What you need to do » Entries below include pictures. Output exactly the lines from the one with "Catering Dessert Spoons 12-PACK" down to the one with "Background Photo Rural", both ends included, and leave the pictures out.

Material supplied »

━━━

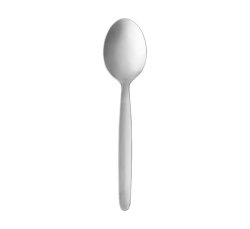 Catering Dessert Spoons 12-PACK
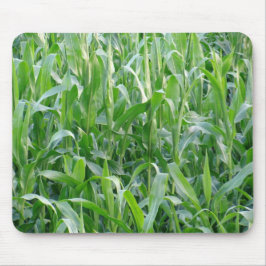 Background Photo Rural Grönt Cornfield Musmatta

━━━

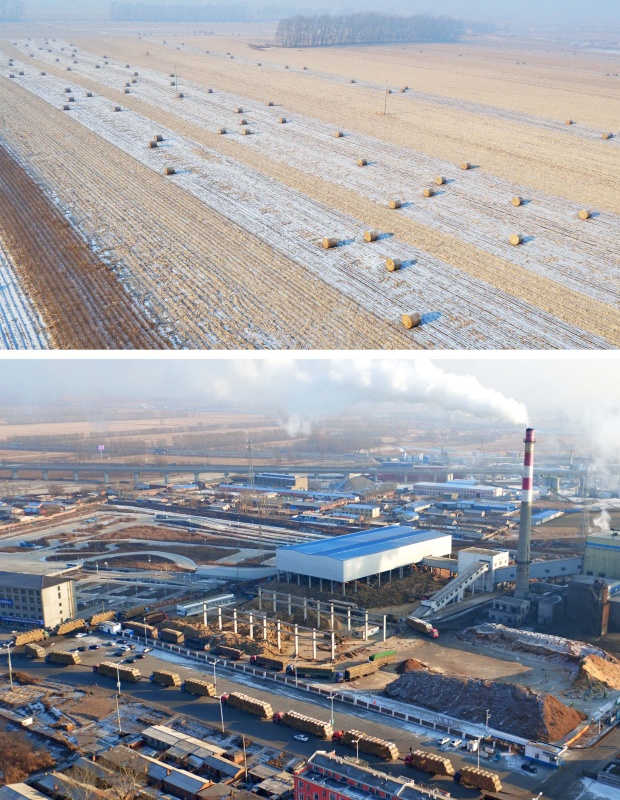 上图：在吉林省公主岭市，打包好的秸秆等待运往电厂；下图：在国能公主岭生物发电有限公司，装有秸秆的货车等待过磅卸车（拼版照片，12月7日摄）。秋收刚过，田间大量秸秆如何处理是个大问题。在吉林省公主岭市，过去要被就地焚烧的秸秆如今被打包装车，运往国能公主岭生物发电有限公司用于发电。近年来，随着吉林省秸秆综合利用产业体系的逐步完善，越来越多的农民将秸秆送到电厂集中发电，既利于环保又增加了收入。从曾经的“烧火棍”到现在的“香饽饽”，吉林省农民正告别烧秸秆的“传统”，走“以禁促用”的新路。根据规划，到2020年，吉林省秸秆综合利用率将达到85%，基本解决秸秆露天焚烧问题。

━━━

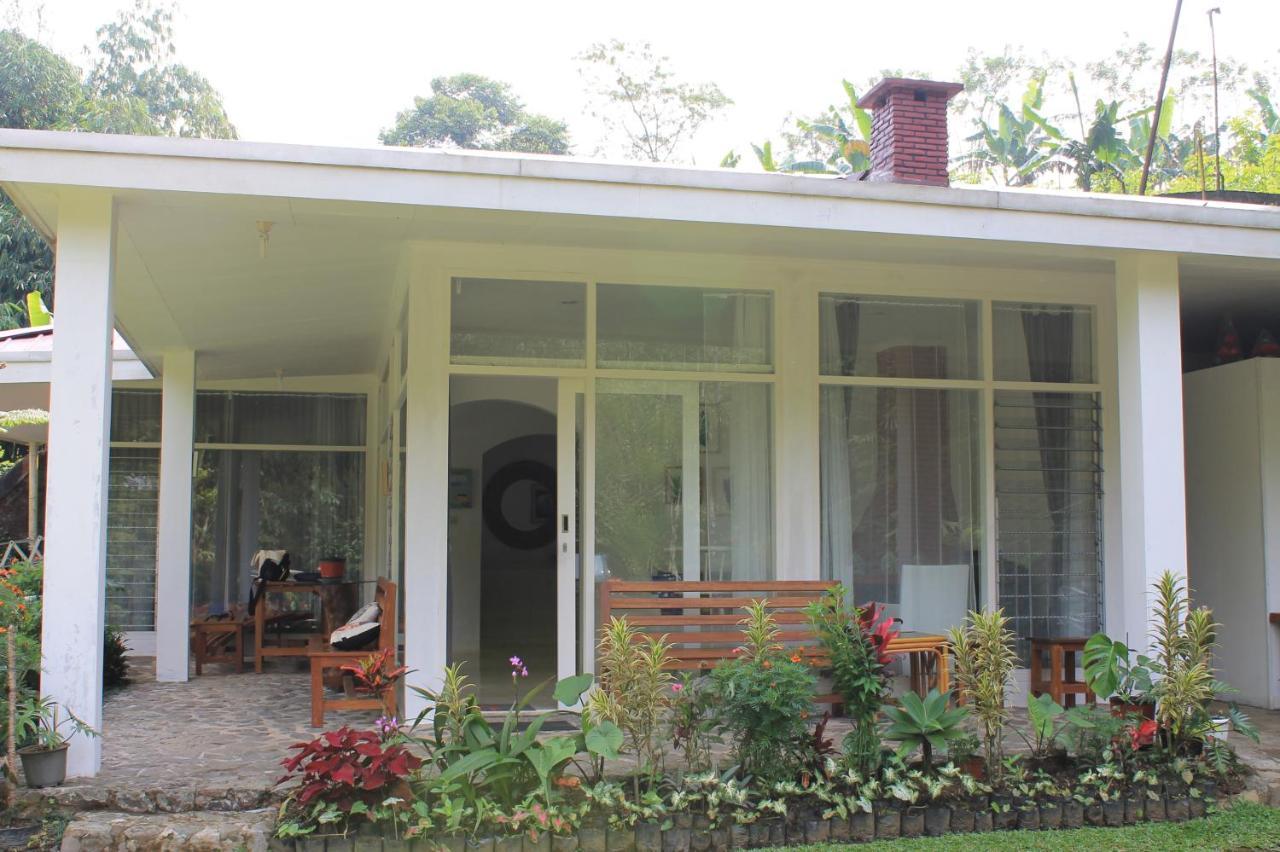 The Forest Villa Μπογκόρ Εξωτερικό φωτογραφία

━━━

Response to this task »
 Catering Dessert Spoons 12-PACK
 Background Photo Rural Grönt Cornfield Musmatta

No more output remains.